My mother’s fortyfifth birthday is in four months time, and by that time she will be back in Sweden in her new job. She rang yesterday to tell me that everything had been sorted. All the contracts had been signed, and she had given notice on her house up in the village near Coventry. In January she leaves that job, then she spends a few weeks idle and packing, and then she goes back to Sweden.
In the middle of that, she’s going to become a forty-five year old woman, and when she mentioned it in passing, she said what she said, and I don’t know what to think about it. In a way I’m so used to being an only child, even if I’m really not. And Ellie does keep popping out of my memories from time to time. Like she’s a ghost that is real, like she’s still there somehow and affect my life.

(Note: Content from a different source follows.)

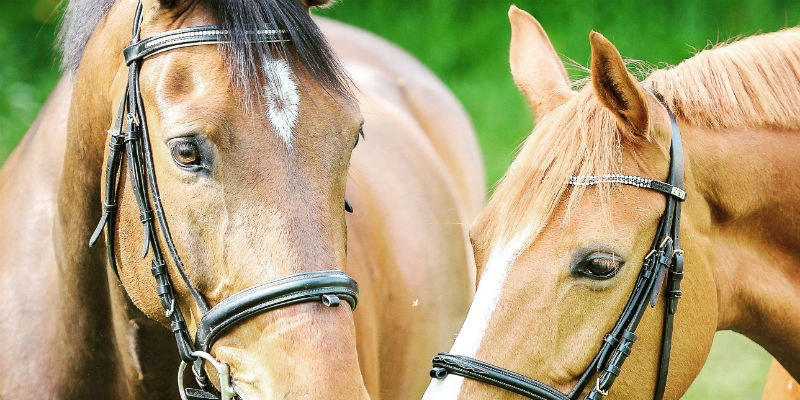 Caring For Your Horse Tack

Forty-five is nothing, of course, just like nineteen is nothing. There’s such an age gap between my uncle and aunt and mother. She was just a little girl when they started to migrate around England after Thatcher’s razing of the North. Auntie and my uncle were older. Uncle was old enough to stay behind when they moved south, and then eventually he moved north to Scotland. Auntie was a teenager by then, but not old enough to do like uncle.
Sometimes I wonder what it would have been like if we had stayed up there. I would have been a proper Yorkshireman. Of course, I wouldn’t have existed at all because mum had to go down to the south to go to university, and then meet my dad in London all those years ago.
Isn’t it strange how coincidences become strands. Doing something becomes a ripple that carry through several lives, several generations. Like, how many of Europe’s present population would even be alive hadn’t there been the two world wars in the last century? How would things have been different if the old monarchies and empires hadn’t been smashed up by the weight of history?
And what would have happened had my grandfather refused to wander around, got on his bike as Norman Tebbit put it, to move south to look for a job? Maybe then my mother would not still grieve for a lost girl, and be a Yorkshire woman with a big family and no knowledge of me and Ellie and dad at all, because we would never have happened.
Picking at threads like that is fun, isn’t it? Coincidences and chance meetings and little things reverberate through generations, and we don’t even think about it. And what ripples will I make? What ripples have I made? What if I had never got the idea to move here? Would Mark be with someone else? Would I have someone? Would Mark be happy? Would I? Would I still be miserable and in the closet in Sweden?
One can never know, right?
Be careful with the little things. They can have big consequences.
Well for sure…
I sneezed four times this morning…. so stand by for January floods in Surrey…
What fascinates me more is ‘six degrees of separation’….. I travel and have always traveled a lot for my job. Time and again in unexpected places I meet people who know people who are aware of someone eventually mutual to both of us. Usually connected through work of course.
The best one was when I was in a very remote area of West Australia. I was loading an oil tanker from an automatic oil well. The oil well ran unmanned for most of the year until a level alarm in an attached storage tank would notify the operators there was now enough product to ship out. So, there I was with a group of people local to the area and got to chatting with a very nice girl there to assist with paperwork. When she found out that I am Scottish she told me of her recent amazing adventure to some small village in Scotland to visit this Aunty she had heard of in the family. As the story went along, I realised she had been in my village and had been living in a guest house just 150 meters away from my house. She thought I was joking with her until I drew a map of the village streets and could describe the people she had stayed with….
Now, that’s coincidence! For me to travel thousands of miles to the Australian remoteness and find another person who had been staying right beside me in Scotland a few months before.
It seems like coincidence, but there’s an explanation. Humans are tribal. We group ourselves using a combination of ethnic, cultural, financial (etc.) characteristics. In a globalized world, that means there are no borders (for the middle and upper classes.) This was already true for the elites all the way back to the 18th century.
Everyone who could afford to do so, vacationed in the same areas, travelled to the same places etc. Many of the people who did a grand tour, no matter where they were from, ended up meeting.
Think of it this way. I grew up mostly in South and North America, now I live in Spain and three of the families who have houses on my street are families I’ve known since childhood. Not the same people, but members of the same families.
The scariest part of this post is the realization that your mom is over a decade younger than me. #GrowingOldIsABitch
And nearly two decades younger than me :O.
See Colin when you become a full time writer you’ll have the old gay/queer audience in the palm of your metaphorical hand.